District information
- Grades: Pre-K to 8
- Superintendent: Jimmy Alvarez
- Business administrator: Michael Bardsley
- Schools: 1

Students and staff
- Enrollment: 405 (as of 2023–24)
- Faculty: 51.7 FTEs
- Student–teacher ratio: 7.8:1

Other information
- District Factor Group: DE
- Website: www.belmar.k12.nj.us
| Ind. | Per pupil | District spending | Rank (*) | K-8 average | %± vs. average |
| 1A | Total Spending | $17,523 | 25 | $18,891 | −7.2% |
| 1 | Budgetary Cost | 13,568 | 24 | 14,159 | −4.2% |
| 2 | Classroom Instruction | 8,758 | 35 | 8,659 | 1.1% |
| 6 | Support Services | 1,793 | 16 | 2,167 | −17.3% |
| 8 | Administrative Cost | 1,564 | 21 | 1,547 | 1.1% |
| 10 | Operations & Maintenance | 1,221 | 15 | 1,612 | −24.3% |
| 13 | Extracurricular Activities | 210 | 53 | 104 | 101.9% |
| 16 | Median Teacher Salary | 53,300 | 8 | 61,136 |
Data from NJDoE 2014 Taxpayers' Guide to Education Spending. *Of K-8 districts with 401-750 students. Lowest spending=1; Highest=64

= Belmar School District =

School district in Monmouth County, New Jersey, US

The Belmar School District is a community public school district that serves students in pre-kindergarten through eighth grade from Belmar, in Monmouth County, in the U.S. state of New Jersey.

The district also serves students from Lake Como who attend as part of a sending/receiving relationship. The school was constructed in 1909 and has had additions built in 1929, 1949, 1969 and 1993. The district's one school building hosts a primary school for grades PreK-5 and a middle school for grades 6-8.

As of the 2023–24 school year, the district, comprised of one school, had an enrollment of 405 students and 51.7 classroom teachers (on an FTE basis), for a student–teacher ratio of 7.8:1.

The district had been classified by the New Jersey Department of Education as being in District Factor Group "DE", the fifth-highest of eight groupings. District Factor Groups organize districts statewide to allow comparison by common socioeconomic characteristics of the local districts. From lowest socioeconomic status to highest, the categories are A, B, CD, DE, FG, GH, I and J.
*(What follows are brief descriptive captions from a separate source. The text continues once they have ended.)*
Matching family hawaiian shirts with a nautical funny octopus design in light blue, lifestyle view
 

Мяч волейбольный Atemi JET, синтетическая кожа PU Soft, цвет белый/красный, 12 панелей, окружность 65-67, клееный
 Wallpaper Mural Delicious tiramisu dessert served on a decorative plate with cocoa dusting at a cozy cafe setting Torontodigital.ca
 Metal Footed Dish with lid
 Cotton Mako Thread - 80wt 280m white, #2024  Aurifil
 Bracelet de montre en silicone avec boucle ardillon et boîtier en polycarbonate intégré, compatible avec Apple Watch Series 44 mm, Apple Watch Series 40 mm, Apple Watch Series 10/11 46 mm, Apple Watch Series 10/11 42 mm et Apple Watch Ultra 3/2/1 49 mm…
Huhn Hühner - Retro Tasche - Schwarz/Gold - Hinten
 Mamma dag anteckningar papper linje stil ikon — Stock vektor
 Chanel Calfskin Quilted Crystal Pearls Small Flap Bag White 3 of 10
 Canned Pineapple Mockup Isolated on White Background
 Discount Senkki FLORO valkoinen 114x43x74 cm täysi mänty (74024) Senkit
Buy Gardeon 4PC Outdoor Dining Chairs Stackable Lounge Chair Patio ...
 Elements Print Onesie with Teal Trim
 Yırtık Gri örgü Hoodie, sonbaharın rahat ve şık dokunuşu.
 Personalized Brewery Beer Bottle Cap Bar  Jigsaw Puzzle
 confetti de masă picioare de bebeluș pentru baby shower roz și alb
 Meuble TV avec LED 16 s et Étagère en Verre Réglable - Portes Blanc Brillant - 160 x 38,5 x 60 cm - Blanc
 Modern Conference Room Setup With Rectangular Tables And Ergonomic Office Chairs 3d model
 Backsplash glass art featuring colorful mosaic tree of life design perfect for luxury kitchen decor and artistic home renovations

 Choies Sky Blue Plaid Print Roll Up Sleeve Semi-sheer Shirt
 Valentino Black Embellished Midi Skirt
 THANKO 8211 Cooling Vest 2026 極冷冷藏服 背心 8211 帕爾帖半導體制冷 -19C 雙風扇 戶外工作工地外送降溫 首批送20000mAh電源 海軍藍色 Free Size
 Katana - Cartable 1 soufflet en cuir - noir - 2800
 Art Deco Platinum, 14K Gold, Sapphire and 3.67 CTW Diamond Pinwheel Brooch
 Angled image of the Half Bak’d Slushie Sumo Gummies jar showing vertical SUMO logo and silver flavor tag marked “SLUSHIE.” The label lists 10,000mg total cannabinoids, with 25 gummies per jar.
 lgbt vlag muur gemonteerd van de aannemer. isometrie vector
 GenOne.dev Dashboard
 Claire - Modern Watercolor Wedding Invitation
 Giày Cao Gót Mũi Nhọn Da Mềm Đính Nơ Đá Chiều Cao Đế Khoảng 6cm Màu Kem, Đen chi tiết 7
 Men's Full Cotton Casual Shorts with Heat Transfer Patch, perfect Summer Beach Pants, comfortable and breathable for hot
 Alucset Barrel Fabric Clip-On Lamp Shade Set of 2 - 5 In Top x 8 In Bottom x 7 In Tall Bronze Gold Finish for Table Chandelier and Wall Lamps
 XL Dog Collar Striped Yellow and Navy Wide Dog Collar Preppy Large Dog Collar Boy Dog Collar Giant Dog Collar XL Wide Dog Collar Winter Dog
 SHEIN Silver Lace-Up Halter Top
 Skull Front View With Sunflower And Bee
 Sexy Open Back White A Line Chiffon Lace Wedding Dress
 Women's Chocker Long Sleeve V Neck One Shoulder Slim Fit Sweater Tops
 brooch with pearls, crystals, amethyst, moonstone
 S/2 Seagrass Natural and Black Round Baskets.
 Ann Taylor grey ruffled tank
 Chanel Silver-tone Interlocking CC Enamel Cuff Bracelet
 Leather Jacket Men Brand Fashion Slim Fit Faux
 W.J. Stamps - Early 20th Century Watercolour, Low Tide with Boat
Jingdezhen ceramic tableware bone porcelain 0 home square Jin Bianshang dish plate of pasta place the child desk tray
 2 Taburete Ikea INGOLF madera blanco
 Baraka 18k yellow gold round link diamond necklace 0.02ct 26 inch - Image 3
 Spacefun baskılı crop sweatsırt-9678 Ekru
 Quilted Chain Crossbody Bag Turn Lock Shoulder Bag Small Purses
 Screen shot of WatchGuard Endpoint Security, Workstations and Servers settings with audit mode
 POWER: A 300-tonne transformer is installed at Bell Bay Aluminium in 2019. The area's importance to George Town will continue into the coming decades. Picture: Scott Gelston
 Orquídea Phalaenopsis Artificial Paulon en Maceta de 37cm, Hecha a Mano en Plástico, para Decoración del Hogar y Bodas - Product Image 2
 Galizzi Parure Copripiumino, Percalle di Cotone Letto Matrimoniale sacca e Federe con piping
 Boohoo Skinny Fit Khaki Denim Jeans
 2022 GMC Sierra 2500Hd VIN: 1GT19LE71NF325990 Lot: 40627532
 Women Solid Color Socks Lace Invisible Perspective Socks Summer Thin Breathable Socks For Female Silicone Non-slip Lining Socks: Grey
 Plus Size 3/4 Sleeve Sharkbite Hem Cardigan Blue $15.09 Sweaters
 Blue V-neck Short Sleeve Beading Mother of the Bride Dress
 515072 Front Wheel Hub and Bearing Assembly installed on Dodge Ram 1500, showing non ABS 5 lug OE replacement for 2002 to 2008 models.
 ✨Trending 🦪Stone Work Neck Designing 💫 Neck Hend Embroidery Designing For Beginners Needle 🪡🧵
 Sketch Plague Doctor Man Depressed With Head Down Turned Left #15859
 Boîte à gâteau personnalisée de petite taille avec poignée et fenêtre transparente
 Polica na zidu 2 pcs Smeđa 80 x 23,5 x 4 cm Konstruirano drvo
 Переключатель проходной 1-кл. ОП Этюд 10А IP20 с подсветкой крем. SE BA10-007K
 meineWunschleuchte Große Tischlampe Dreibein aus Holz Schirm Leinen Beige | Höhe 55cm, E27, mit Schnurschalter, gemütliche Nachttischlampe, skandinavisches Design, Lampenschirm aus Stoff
Students in ninth through twelfth grade are assigned based on sending/receiving relationships to either Manasquan High School or Asbury Park High School. Manasquan High School also serves students from Avon-by-the-Sea, Brielle, Lake Como, Sea Girt, Spring Lake and Spring Lake Heights, who attend as part of sending/receiving relationships with their respective districts. As of the 2023–24 school year, Manasquan High School had an enrollment of 945 students and 81.2 classroom teachers (on an FTE basis), for a student–teacher ratio of 11.6:1 while Asbury Park High School had an enrollment of 370 students and 36.0 classroom teachers (on an FTE basis), for a student–teacher ratio of 10.3:1.

Students may also attend Red Bank Regional High School, Marine Academy of Science and Technology, Academy of Allied Health & Science, High Technology High School, Communications High School or Biotechnology High School. Another option is Academy Charter High School, located in Lake Como, which serves residents of Allenhurst, Asbury Park, Avon-by-the-Sea, Belmar, Bradley Beach, Deal, Interlaken and Lake Como, and accepts students on a lottery basis.

==School==
Belmar Elementary School served an enrollment of 398 students in grades PreK-8, as of the 2023–24 school year.
- Sarah Wilton, principal

==Administration==
Core members of the district's administration are:
- Jimmy Alvarez, superintendent
- Michael Bardsley, business administrator and board secretary

==Board of education==
The district's board of education, comprised of nine members, sets policy and oversees the fiscal and educational operation of the district through its administration. As a Type II school district, the board's trustees are elected directly by voters to serve three-year terms of office on a staggered basis, with three seats up for election each year held (since 2012) as part of the November general election. The board appoints a superintendent to oversee the district's day-to-day operations and a business administrator to supervise the business functions of the district. Lake Como is also represented with a member of the board of education.